4.- El encuentro con el Señor, y la fiel acogida que merece su llamada o su vocación a cada uno de nosotros, no puede limitarse al mero cumplimiento de unas normas de moralidad. Estas son necesarias; y nos las ofrece el Señor en sus mandamientos a través de la Iglesia. La santa Madre Iglesia nos los transmite y los interpreta fielmente para que podamos aplicarlos a nuestra vida en cada momento.

Pero el encuentro con Dios en su Hijo Jesucristo y la fiel acogida que debemos darle implican una permanente renovación espiritual, una constante revisión de nuestra fe. Solo así podremos darnos cuenta de que venimos de Dios, de que a Dios vamos y, por tanto, de que la vida entera ha de interpretarse desde Dios. Así interpretada, nuestra vida está llamada a ser un agradecido canto al Señor. Esto quiere decir que nuestra preocupación fundamental debe ser estar cerca del Señor, ofrecerle con alegría todo lo que somos y tenemos, y dedicarle toda la atención que merece. Y esto nos exige, a la vez, una dedicación prioritaria a Dios mediante la lectura de su palabra, mediante el encuentro personal con Él en los Sacramentos -sobre todo en la Penitencia y en la Eucaristía-, y mediante la oración asidua, como antes ya hemos indicado. De ello se desprenderá espontáneamente el acierto en nuestros pensamientos, deseos y comportamientos.

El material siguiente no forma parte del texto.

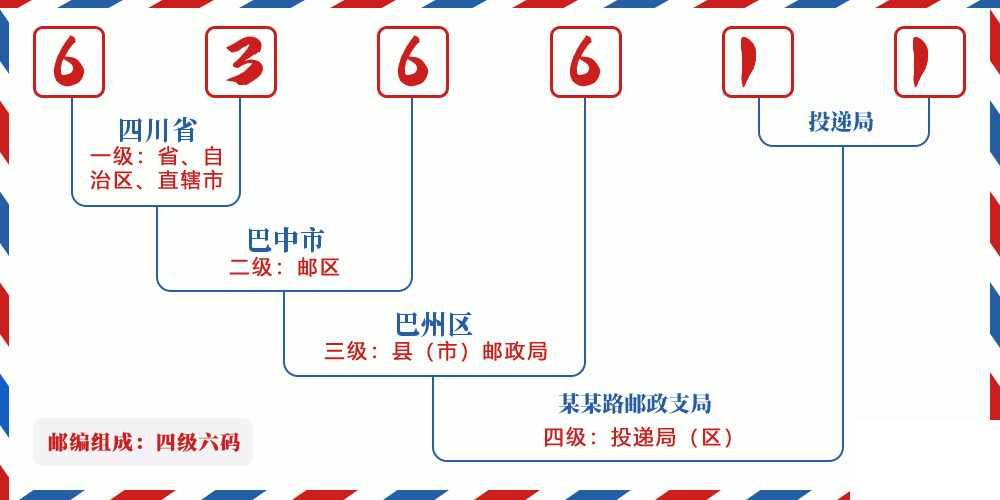 邮编636611含义
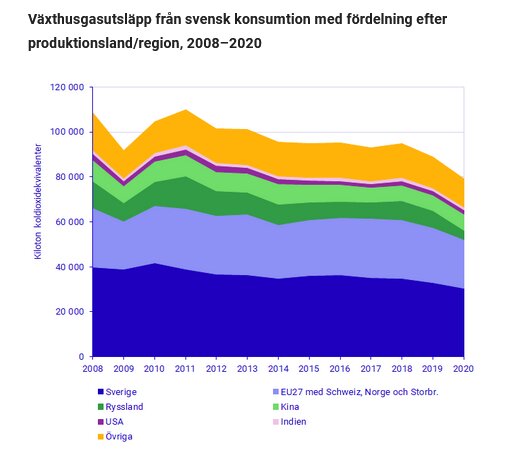 Area diagram visar Sveriges konsumtionsrelaterade koldioxidutsläpp efter produktionsland, 2008–2020.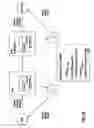 Fig. 14 - METHODS AND SYSTEMS FOR ELECTRONIC BILL PRESENTMENT AND PAYMENT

Estando lejos de Dios, es muy fácil que no se entiendan muchas de sus orientaciones evangélicas, y que se llegue a discutir lo que la Santa Madre Iglesia nos indica para cumplir, con fidelidad, lo que nos pide nuestro Señor y Salvador.

5.- Con frecuencia se da una cierta separación entre las prácticas religiosas y la orientación profunda de nuestra mente y de nuestro corazón. Así se explica que haya muchos que exhiben su título de cristianos y que viven ajenos a la oración, que no participan en los Sacramentos, y que, además, tienen su guía principal en sus propios intereses materiales y en los afanes de este mundo.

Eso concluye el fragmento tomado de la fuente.